Tuesday 6 January 2015

New Year's Resolution for Data Management : Stop Using Analogies

I recently found myself in a surreal discussion in which it was suggested to me that meta-data was like poetry. I was asked to consider the line "I wandered lonely as a cloud" and it was suggested to me that "I" am the data, "lonely" is meta-data, and "as a cloud" is meta-meta-data. My interlocutor beamed at me with pride, and waited for my confirmation of their brilliance.

It's poetry, not meta-data

My heart sank as I realised that analogies are really not very do not helpful. Like many in Information Management, I have been guilty of using them far too much. I have now resolved to stop using analogies, and instead to make the effort to understand how others see the world, and to explain Information Management in terms that they understand about data that they really use.

Why do we use analogies?

A lot of the material in Information Management is pretty abstract, and it only really makes sense once you have already done it a couple of times. Anyone working in Information Management will be familiar with the challenge of explaining what it is and why you should do it. Meta-data is a great example, and the simple definition of "data about data" doesn't really help anyone new to the topic. So there's a temptation to introduce analogies. As well as poetry, a recent engagement threw up analogies including finger prints, traffic rules and photography. We use them to try and explain concepts that we understand to someone who doesn't.

Why analogies don't help

There are two problems with analogies, though. The first is that they eventually break down. Once you have introduced an analogy, the discussion inevitably explores it further and you end up debating where it is valid and where not. The second problem is that an analogy only really works for the person who came up with it. One of my favourites is weeding a garden as an analogy for data quality. To me it makes sense, because the weeds will always come back, whatever I do. So although I can aim for a weed free garden, I know that I will never achieve it. It's the same with Data Quality, while you may aim for zero defects, you can never actually achieve it. For those who don't garden, it doesn't help. For those who do garden, the discussion moves on quickly to dandelions, moss and bindweed. Either way, we're not getting very far with Data Quality, and the analogy breaks down because no one ever creates a weeding dashboard or assigns gardening stewards.

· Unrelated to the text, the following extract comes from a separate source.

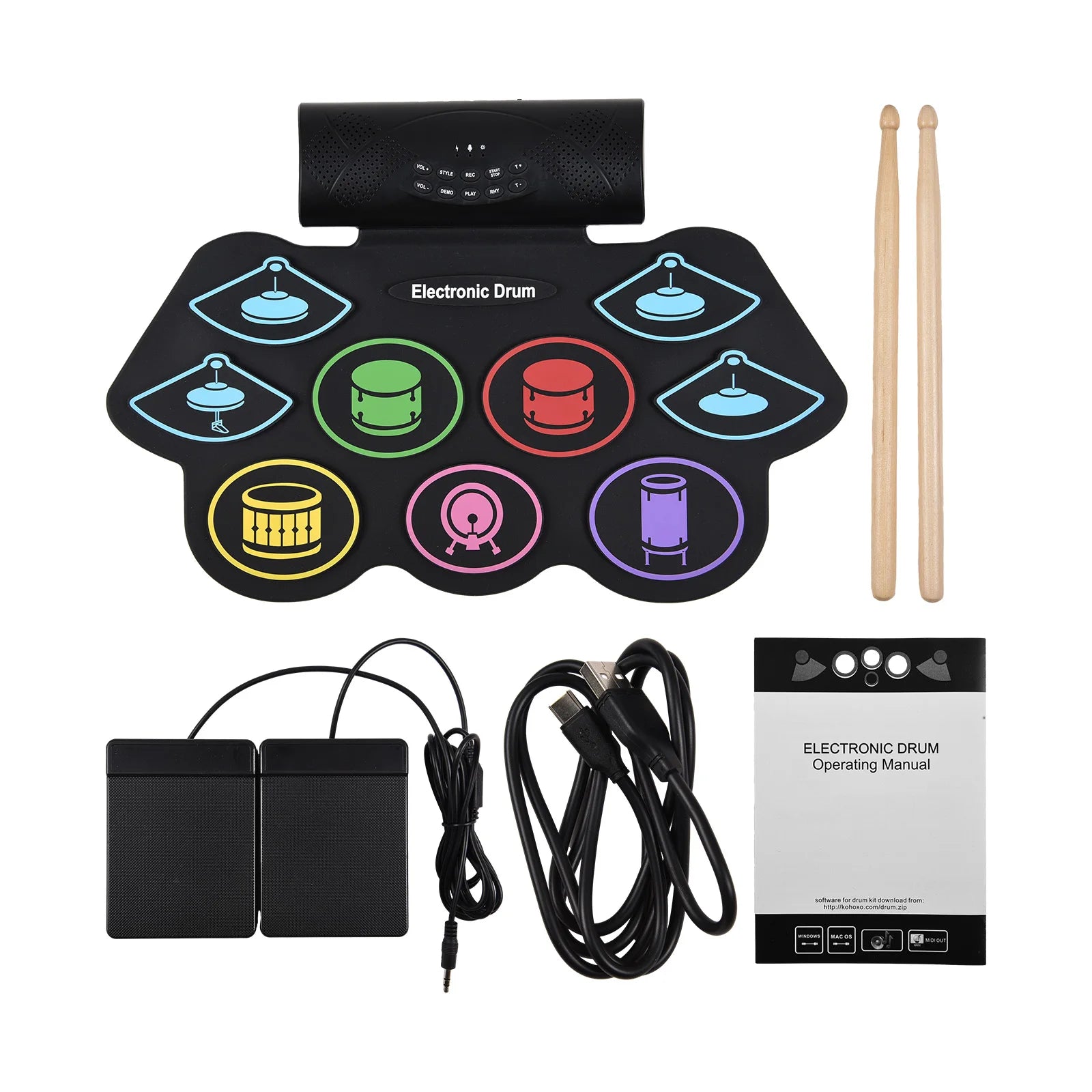 Electronic Drum Set Hand Roll Drum Percussion Instrument 9 Pads BT External Sound Drumsticks Foot Pedal MIDI Interface Speaker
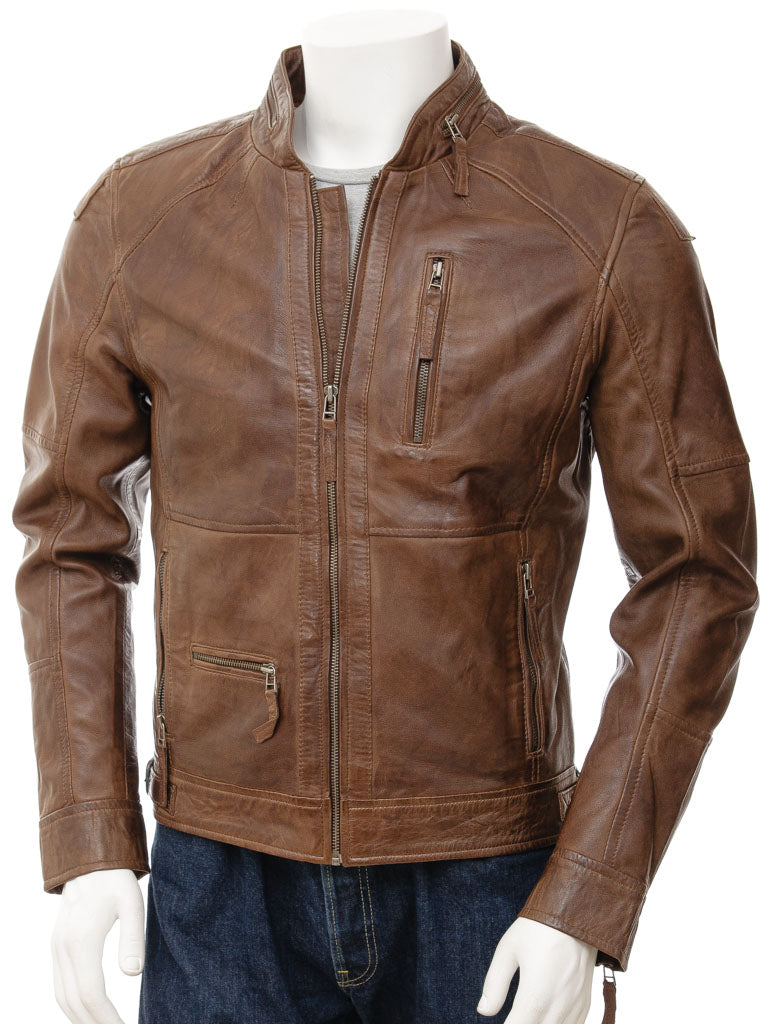 Men's Vintage Brown Leather Jacket with Zipper Details MG06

It's weeding, not Data Cleansing


From the specific to the general and back again

One of the problems comes from the way that we in Information Management think. As a group we tend to look for patterns and we are constantly seeking general abstractions in a sea of specific examples. A good example is the party data model which was born from the observation that customers, suppliers, employees, representatives and so on have common attributes and that they can be generalised as persons or organisations, that they can be related and so on. There are other generalised data models that have been developed over years. It's what we do, we can't help it. That's why we ended up in Information Management in the first place.

The problem is that the rest of the world doesn't think like this. Most people consider customers and suppliers to be fundamentally different, and a party is an event where people celebrate. We need to get back to specifics that are relevant to our stakeholders and give them concrete examples of what we are talking about.

My kind of party


From poetry to SOAP

In order to move the conversation away from poetry and onto something more useful, I dug a little deeper to find something more specific and relevant to someone seeking to understand meta-data. The guy that I was talking to had experience of integrating systems, so we talked about exchanging data between two or more systems. He suggested SOAP (www.w3.org/TR/soap12-part1) as his preferred protocol. Then we discussed how a SOAP message is specified as an XML Information Set, and that this is an example of meta-data. As we were on familiar ground, I could explain to him why such an Information Set would need to be owned, why it should be approved, why changes should be carefully managed, and what the risks of an incomplete definition would be. From this example, which he understood, the definition of "data about data" made sense, the need for formally managing it made sense, and he could begin to understand that these principles would apply in other scenarios.

And finally

If you must use poetry as an analogy for meta-data, then I suggest commentary on poetry is better. Lewis Carrol's Jabberwocky is one of my favourite poems, the wikipedia entry for it is a commentary and so it is writing about writing (en.wikipedia.org/wiki/Jabberwocky).

Oh dear, I've just broken my New Year's Resolution already.